Selama 15 tahun tersebut, Indonesia telah mengimpor beras sebanyak 15,39 juta ton dengan volume impor terbanyak pada 2011 sebesar 2,75 juta ton, sedangkan volume terkecil pada 2005 sebesar 189.616 ton. Sehingga, dengan jumlah impor beras tersebut dan ditambah 500.000 ton pada 2018 ini, maka hingga saat ini Indonesia telah mengimpor beras sebanyak 15,89 juta ton.
Ironisnya, kata Anwar, data perberasan nasional ternyata salah.

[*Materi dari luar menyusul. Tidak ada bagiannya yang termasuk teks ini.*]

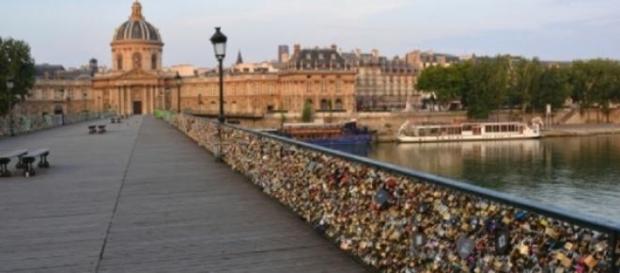 El Puente de las Artes luciendo sus candados El Puente de las Artes luciendo sus candados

Menurut BPS, proyeksi produksi beras hingga akhir tahun ini sebanyak 32,42 juta ton. Angka ini jauh lebih rendah dibanding penghitungan Kementerian Pertanian, yakni 46,5 juta ton.

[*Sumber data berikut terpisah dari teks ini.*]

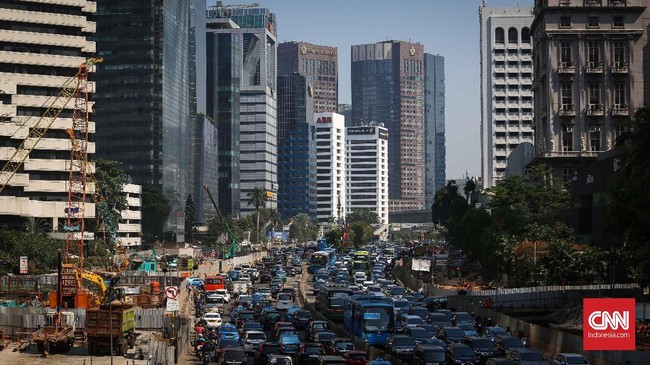 Buruknya kualitas udara di Jakarta merujuk standar WHO, disebut sangat dipengaruhi masifnya pembangunan infrastruktur dan peningkatan kendaraan bermotor.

BPS pun menghitung potensi produksi gabah kering giling (GKG) hingga Desember 2018 mencapai 56,54 juta ton, jauh di bawah proyeksi Kementan sebanyak 83 juta ton. Data perhitungan BPS dan Kementan soal proyeksi konsumsi saat ini juga berbeda. BPS menghitung konsumsi beras langsung dan tidak langsung mencapai 111,58 kilogram (kg) per kapita per tahun atau sebanyak 29,57 juta ton secara keseluruhan, sementara data Kementan memproyeksi konsumsi sebanyak 33,89 juta ton dengan pertumbuhan penduduk 1,27 persen.

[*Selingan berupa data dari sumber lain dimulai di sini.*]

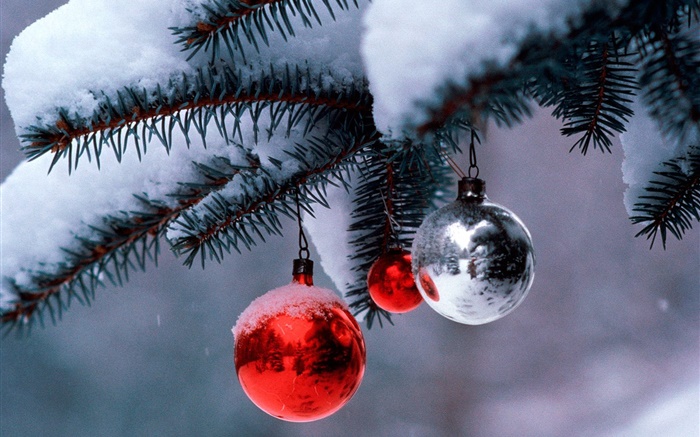 Esferas do Natal, árvore, galhos, neve espessa Papéis de Parede, imagem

Tak cuma produksi beras, lanjut Anwar, data berbeda juga terjadi di luas lahan sawah baku. Data citra satelit resolusi tinggi Lembaga Penerbangan dan Antariksa Nasional (LAPAN) dan Badan Informasi Geospasial (BIG) menunjukkan luas lahan sawah baku saat ini 7,1 juta hektare (ha), sementara data Kementan per September 2018 menunjukkan data luas lahan sawah 8,18 juta ha.
Jokowi, kata Anwar, juga mengakui data produksi beras sudah berantakan sejak 1997. Data tersebut, seperti laporan BPS, yang kemudian membuat pemerintah keliru dalam menentukan kebijakan, dan saat ini sedang dibenahi pemerintahan Jokowi.
Menurut Anwar, pemerintah kini mulai menerapkan data acuan tunggal untuk produksi beras. Data tersebut diambil melalui metode Kerangka Sampel Area (KSA) yang dikembangkan bersama Badan Pengkajian dan Penerapan Teknologi (BPPT) dengan pemindaian satelit dari LAPAN untuk kemudian diolah BIG.
“Dengan data yang benar, kebijakan yang akan diputuskan pun akan benar pula,” cetus advokat kelahiran Jakarta 1970 ini.